Given data below:
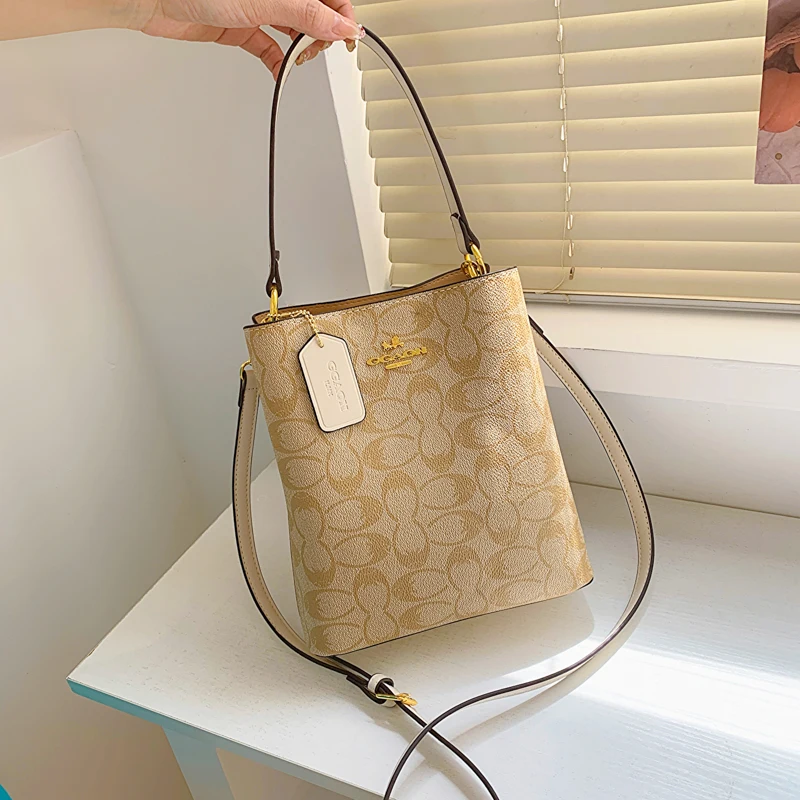 الكلاسيكية باريس موضة حقيبة كروسبودي المرأة الفاخرة الحد الأدنى خمر الجلود مخلب بلون ركاب محفظة أنيقة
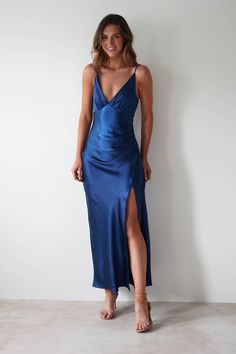 Ein klassischer hoher Ausschnitt und ein Muster im strukturierten Look verleihen diesem schmeichelnden Midi einen eleganten Look. Dieses atemberaubende Kleid ist in Blau, Blaugrün und Oliv erhältlich






Ungefähre Länge: 109 m




Maßgetreu

Verstellbare Träger

Farbe: Oliv




100% Polyester

Pflege: Nur Handwäsche - Bügeln bei schwacher Hitze

Das Model trägt Größe 8

Das Model ist 5'10 groß Black Tie Bridesmaids, Midi Wedding Guest Dress, Blue Satin Dress, White Bridal Dresses, Maxi Dress Wedding Guest, White Bridesmaid Dresses, Formal Dress Shops, Black Tie Dress, Rehearsal Dress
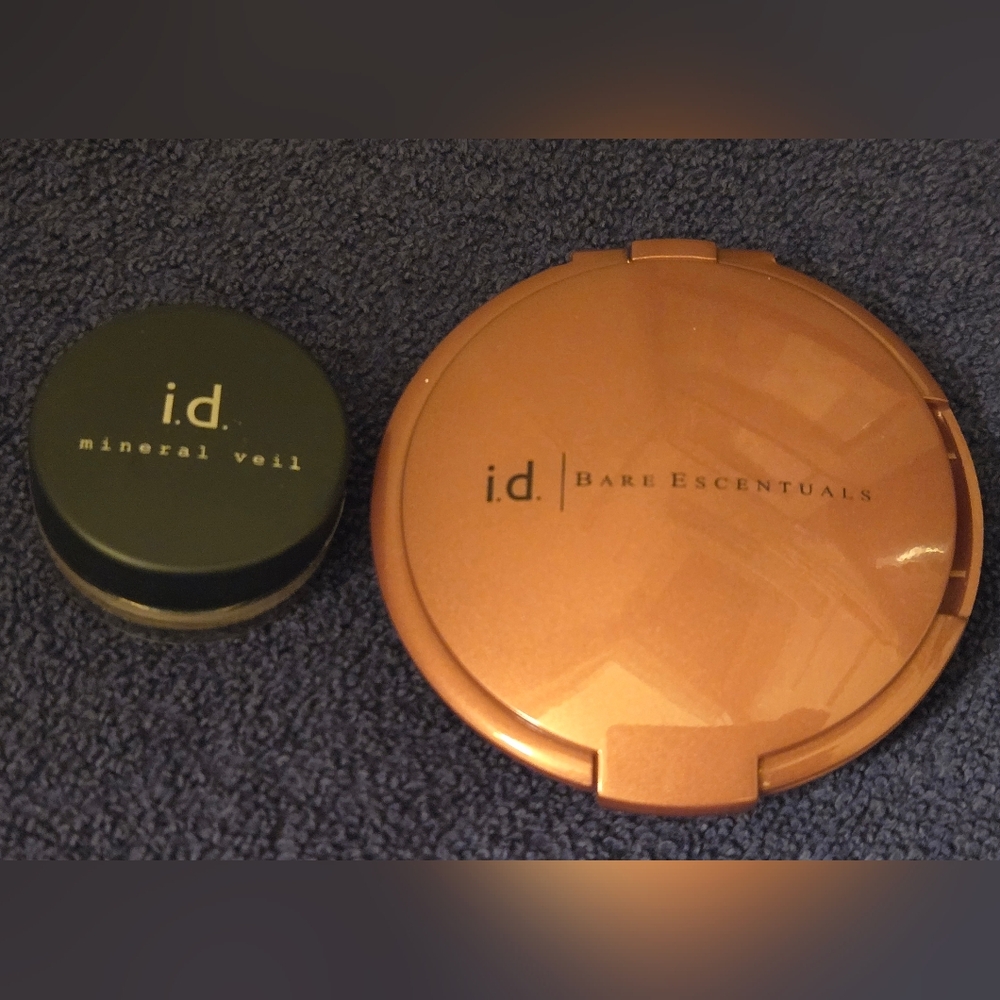 I.D Bare Minerals Bare Escentuals Feather Light Mineral Veil With Compact - New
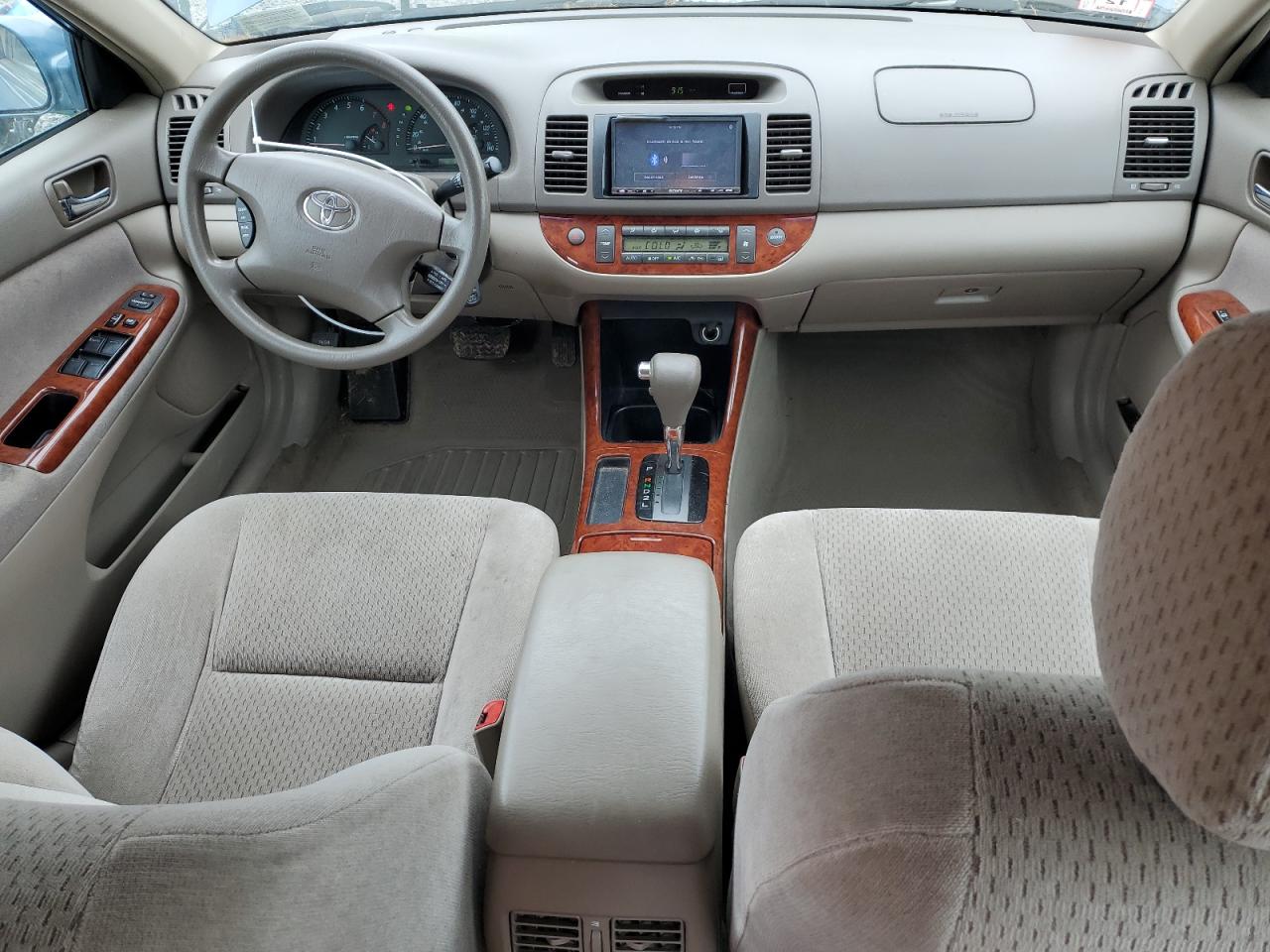 2004 Toyota Camry Le VIN: 4T1BE30K94U924346 Lot: 52570255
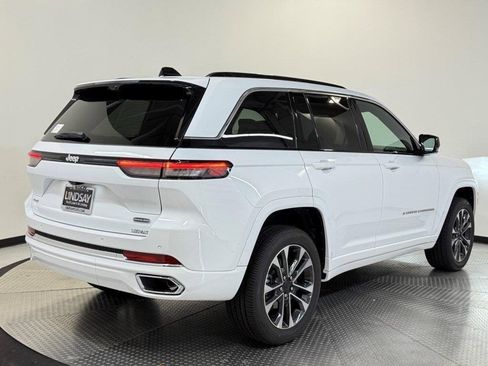 New 2025 Jeep Grand Cherokee Overland w/ Adv Protech Group III image 8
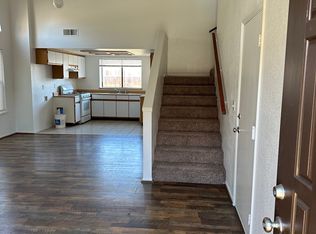 2050 E Chelsea Ct, Visalia, CA 93292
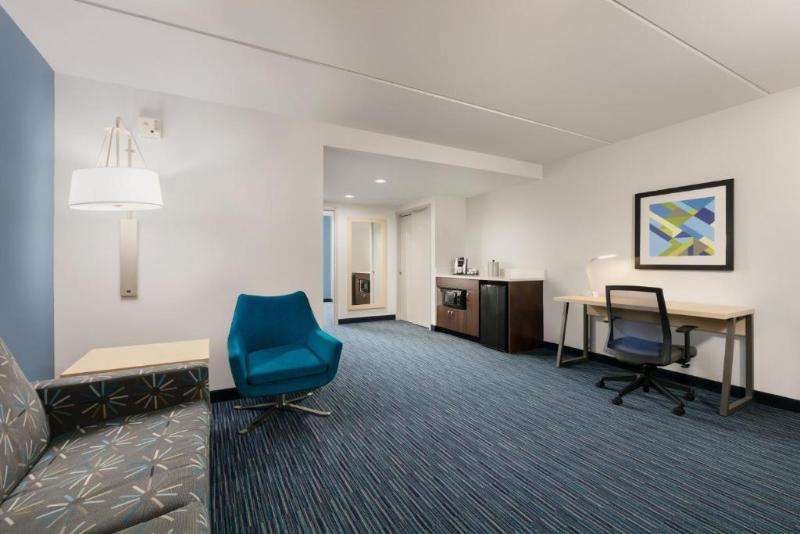 Люкс, Homewood Suites By Hilton Novi Detroit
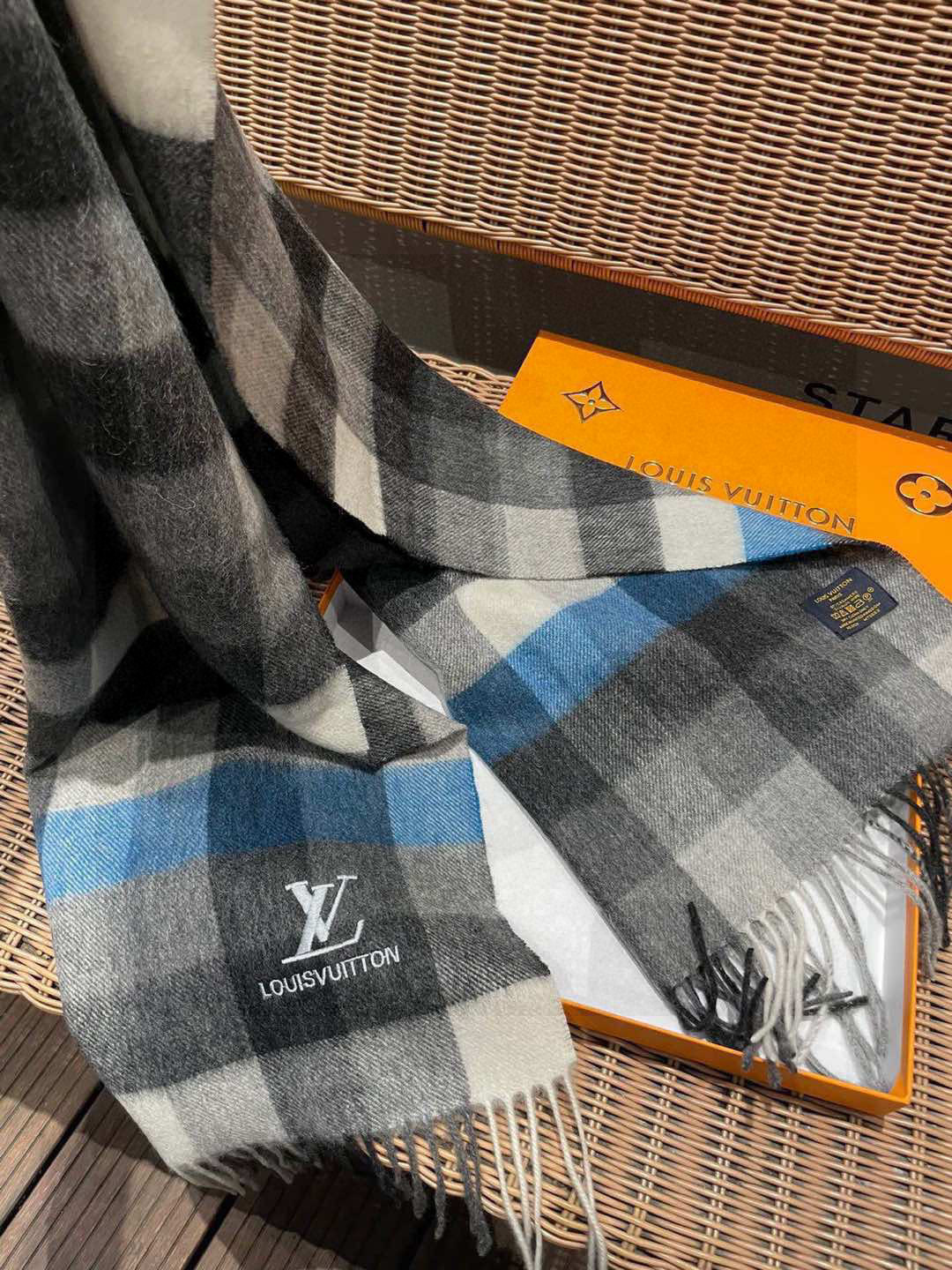 新款路易威登LV❗️羊绒方格子好看的要疯掉了👍太有型太有魅力了！！！非常斯文时尚的秋冬单品！真的很喜欢，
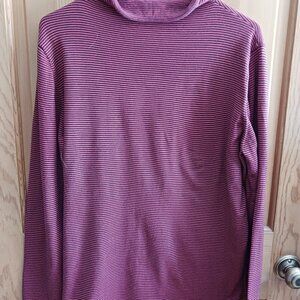 Title Nine - Women's Sweater - Size Laarge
End of Given data.
▶ **What you are asked to do**
Copy each line of the listing that contains "Model".

▶ **Reply to the task**
Das Model trägt Größe 8
Das Model ist 5'10 groß Black Tie Bridesmaids, Midi Wedding Guest Dress, Blue Satin Dress, White Bridal Dresses, Maxi Dress Wedding Guest, White Bridesmaid Dresses, Formal Dress Shops, Black Tie Dress, Rehearsal Dress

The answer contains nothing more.